I hear you. You’re thinking, “Wait. I thought Cindy was a Charlotte Mason-inspired homeschooler. How exactly does a unit study fit into the mix?” Oh, it’s easy!
During the years when I was homeschooling multiple ages, unit studies saved my bacon in a lot of ways. We studied history and science in four-year cycles. In each one of those cycles, there were a bunch of topics to cover within a year’s time. Unit studies were the perfect opportunity to include a bunch of topics in a reasonable amount of time. (I can’t wait to show you how easy it is to do this!)
Because you can adjust unit studies almost effortlessly for abilities and interests, they allowed me to easily homeschool multiple ages at the same time. Everyone was able to study the same topic together – meaning ONE teaching time for me! But, when it came time for individual work, my children could do the job on their own levels. (Again, I can’t wait to show you the simplicity!)

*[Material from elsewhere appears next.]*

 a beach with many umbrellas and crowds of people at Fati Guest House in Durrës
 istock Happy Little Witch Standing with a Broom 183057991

Now that I’m only homeschooling one, we still do unit studies! They tend to be less formal than the ones I orchestrated with multiple kiddos, but they are no less worthwhile! In fact, there might be even more digging into learning during these simple unit studies since the world is my son’s to explore without any pushing or pulling of siblings.

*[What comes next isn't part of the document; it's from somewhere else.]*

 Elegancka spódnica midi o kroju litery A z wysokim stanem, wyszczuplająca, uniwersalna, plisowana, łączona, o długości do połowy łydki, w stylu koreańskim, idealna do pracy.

Besides the giant reasons I’ve already mentioned, here are some other reasons I love homeschooling with unit studies:
- Unit studies open the door to a bountiful feast of learning opportunities for your children.
- They allow space for interest-based learning.
- They promote research and real-life explorations naturally.
- Both of the above promote higher-order thinking skills.
- They leave wide, open spaces to enjoy piles and piles of fiction and non-fiction living books.
- Many subjects can be included at the same time.
- They can be used with ALL ages.
- They are fun!
Some people love using unit studies full-time. Others prefer to simply add them in here or there in order to shake things up a bit. During this masterclass, I’ll teach you how to do both!
We’ll walk through the process of planning a thorough unit study that includes the perfect amount of everything for everyone in your homeschool. I’ll show you how to plan “the big ones” and the less formal ones.
We’ll talk about a few other important things, too:
- The negatives of unit studies. (There are a few.)
- Where to find GOOD unit studies when you don’t want to plan your own.
- How to be sure you cover “all the things”.
- How to grade unit studies.
As far as that Charlotte Mason-inspired question, it’s really very easy to reconcile the two if you go at it with the right thought process. Unit studies certainly allow you to set a beautiful learning feast before your children. In my experience, they have promoted some of the most natural inquisitive learning opportunities, too. They don’t have to be full of meaningless hands-on projects – but don’t underestimate the power behind well-placed and meaningful hands-on experiences. And, of course, don’t forget the living books!
But honestly, it really doesn’t matter what style of homeschooling you cling to. If unit studies seem like a good fit, they ARE a good fit. You do you and do what’s best for your sweet children. I’m looking forward to showing you the unit study possibilities!